Sprawl: It’s not “Who” to Blame, but “What” to Blame.

Sprawl is always a big dirty word in the planning and development industry.  By definition (Dictionary.com), Sprawl is “to be stretched or spread out in an unnatural or ungraceful manner“.  This definition is universal and not as focused on planning, but the term as a whole.

I would like to explore why we have sprawl and what is really the root cause.  You may hear this or that about “who” is to blame for sprawl, but it can not be pinned to a group of people.  I believe that it is more engrained in the American culture.  You may often hear that Wal-Mart or Home Depot are to blame for the sprawl of our cities, but why?  These are businesses who know their market and are capitalizing on them.  They can not be blamed for that.  Others blame the “suburbanites” who live in the sprawling portions of our cities.  Again, how do we blame people for desiring to live in a place, that on the surface, seems like a great, safe place with good schools?  I personally understand the desires to live in suburbia, as a parent of two children, you want to provide all of the advantages that you can for your children.  In fact, immediately out of college, I actually lived in the absolute definition of sprawl.

So what causes sprawl and how can we correct it?  This is a very long subject that I’m afraid I am only going to scratch the surface on with this post, but here goes.  My thesis, if you will, is:  Sprawl is a result of democracy, evolution and the dissatisfaction of our built environments. As this continues, more sprawl will occur, primarily as a result of those who inhabited the previous sprawl and are no longer satisfied.

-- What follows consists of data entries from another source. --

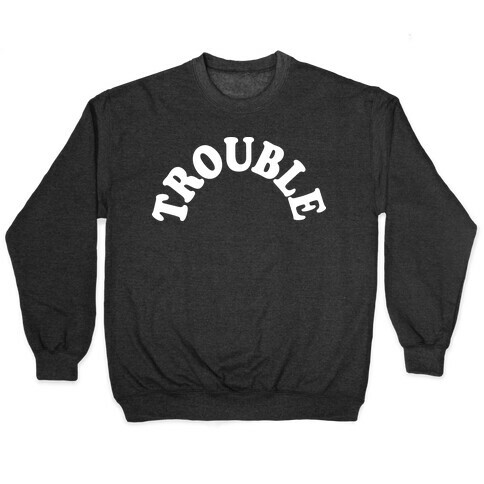 Trouble Pullover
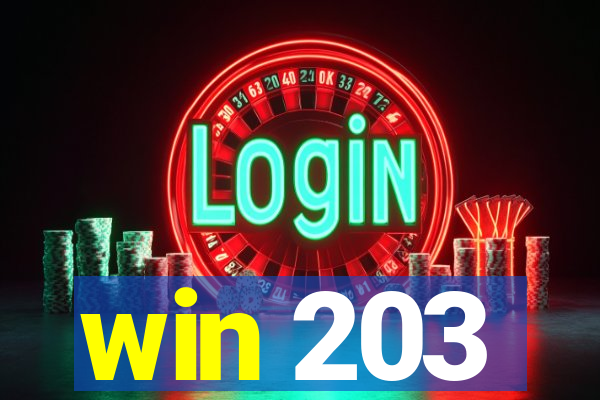 win 203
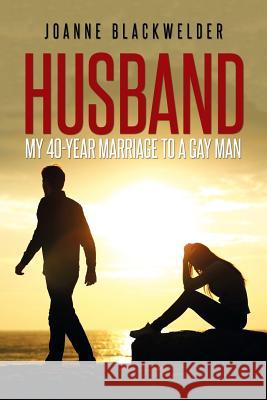 Husband: My 40-Year Marriage to a Gay Man Joanne Blackwelder 9781514434208 Xlibris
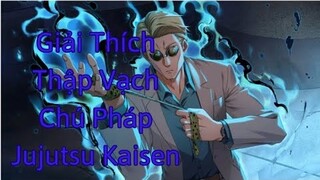 Giải Thích Thập Vạch Chú Pháp|Jujutsu Kaisen|GSANIME.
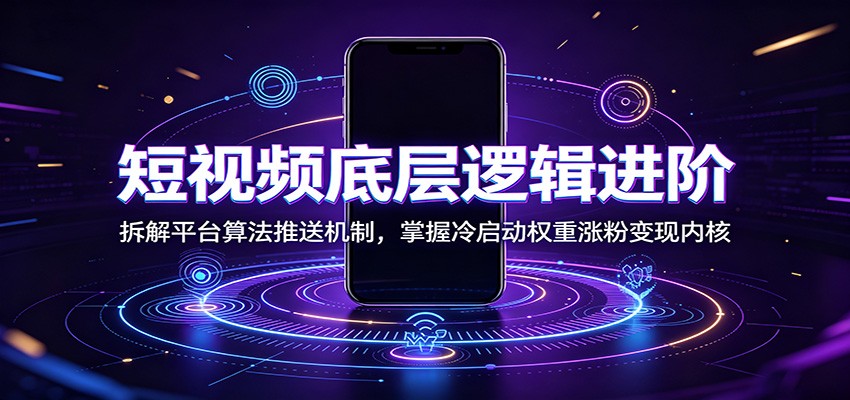 短视频底层逻辑进阶:拆解平台算法推送机制,掌握冷启动权重涨粉变现内核-海淘下载站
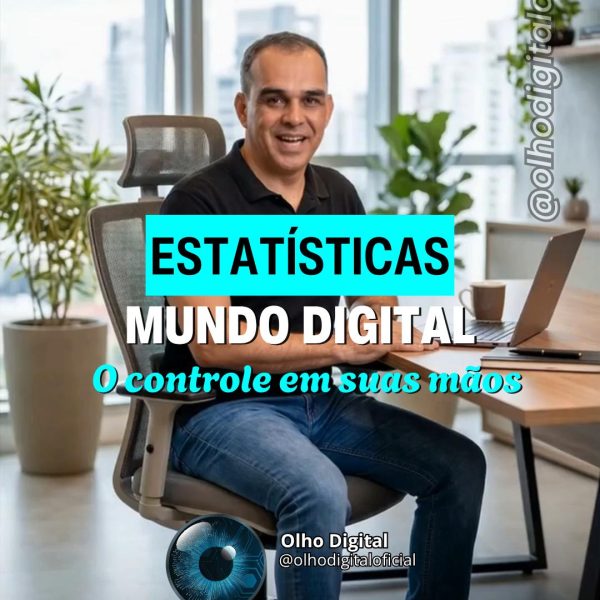 📊 ESTATÍSTICAS DO MUNDO DIGITAL: O CONTROLE EM SUAS MÃOS 📱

In America, we have many choices and liberties, that make it a fantastic place to live.  This freedom enables us to always look for something “better”, which in the minds of most is newer and with the highest levels of technology.  Who doesn’t want that?  Unfortunately, the vast majority of newer places and buildings are located on the periphery of our cities, because open land is much easier to develop.  Therefore, the original inhabitants of sprawl, create more sprawl through the evolution toward newer, better models of homes, buildings, etc.

I have concluded that one component in the creation of sprawl is the ease in which new development can take place on greenfields.  In the inner city or even the “exurbs”, a developer has a much longer process for developing land.  There are issues with dealing with land constraints, demolition, environmental clean-ups, various neighbors and neighborhood groups, existing infrastructure, etc., etc., etc.  All of these issues make it extremely costly for a developer to do infill development to provide new technologically advanced features to homes.  You cannot blame the developer for doing what is easiest,which is building where land is plentiful, neighbors are few, and there is nothing to demolish or clean-up.

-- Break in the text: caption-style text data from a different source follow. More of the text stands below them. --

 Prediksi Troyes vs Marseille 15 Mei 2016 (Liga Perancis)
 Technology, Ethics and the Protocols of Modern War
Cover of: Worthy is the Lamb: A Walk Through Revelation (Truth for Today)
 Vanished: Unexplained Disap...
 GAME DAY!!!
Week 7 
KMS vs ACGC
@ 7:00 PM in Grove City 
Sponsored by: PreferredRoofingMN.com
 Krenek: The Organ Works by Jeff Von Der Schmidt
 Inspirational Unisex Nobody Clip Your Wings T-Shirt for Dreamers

You cannot blame the future occupants of these developments (whether it is an office user, homeowner/renter, industry, retailer, etc.).  They choose the location-based on costs and where their market is.  If the consumer desires new construction or greater technological needs, that’s what is supplied.

So why is sprawl bad?  It spreads our infrastructure longer distances(roads, utilities, etc.) causing the necessary infrastructure to be that much greater (i.e. Interstate highways) and it serves much fewer people.  It creates an auto dependent environment where walking is no longer an optional method of getting from one place to another.  Walking is merely an exercise at this point, which most in the suburbs (due to long commutes, dining out, etc.) do not have the time or patience to do.  Have you noticed that obesity is on the rise?  Don’t think for a second that the correlation is merely a coincidence.  I could go on forever on the problems with sprawl, but not in this post, instead I’ll move on to how we fix this problem.  The following are some ideas that should be utilized collectively, not individually:

A. Incentives: Provide better incentives to infill, redevelopment in our cities.
B. Simplify Approval Process: We could use a simplified zoning process to decrease the amount of time required for approval (i.e. quantative form-based codes with shorter review periods).
C. Subsidies: We could provide other incentives such as subsidized energy, parking, or utilities.

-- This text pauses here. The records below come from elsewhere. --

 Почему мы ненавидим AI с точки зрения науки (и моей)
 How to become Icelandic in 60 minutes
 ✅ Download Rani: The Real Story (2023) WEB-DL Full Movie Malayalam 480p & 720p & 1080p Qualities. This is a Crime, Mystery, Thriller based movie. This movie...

D. Geographical Growth Restraints:  Limiting growth geographically is another solution.  Some cities have implemented this with great success (i.e. Portland, OR and Boulder, CO), some cities and towns are naturally limited by topography or other natural features (i.e. New York City and Deadwood, SD).  This can also have negative results in causing a much higher cost of living in the cities.  There is not a great solution to solving sprawl, but for me it was about education and experience.

I’m afraid I have only scratched the surface on what we can do and the point is that there are options available., The key is in the politics of the city and if your community is resistant to change, it is going to be that much more difficult. 

The light bulb went off for me while reading Suburban Nation (by Andres Duany, Liz Plater-Zyberk and Jeff Speck).  After I finished reading Suburban Nation, I did the calculations (See Quantifying the Effects of Suburban Living) of how much time I wasted in my car and how much money went into the gas and maintenance of that car, the results were mind-boggling.  And as a recovering suburbanite, I can tell you that time is critical and it is the one thing that you cannot have enough of.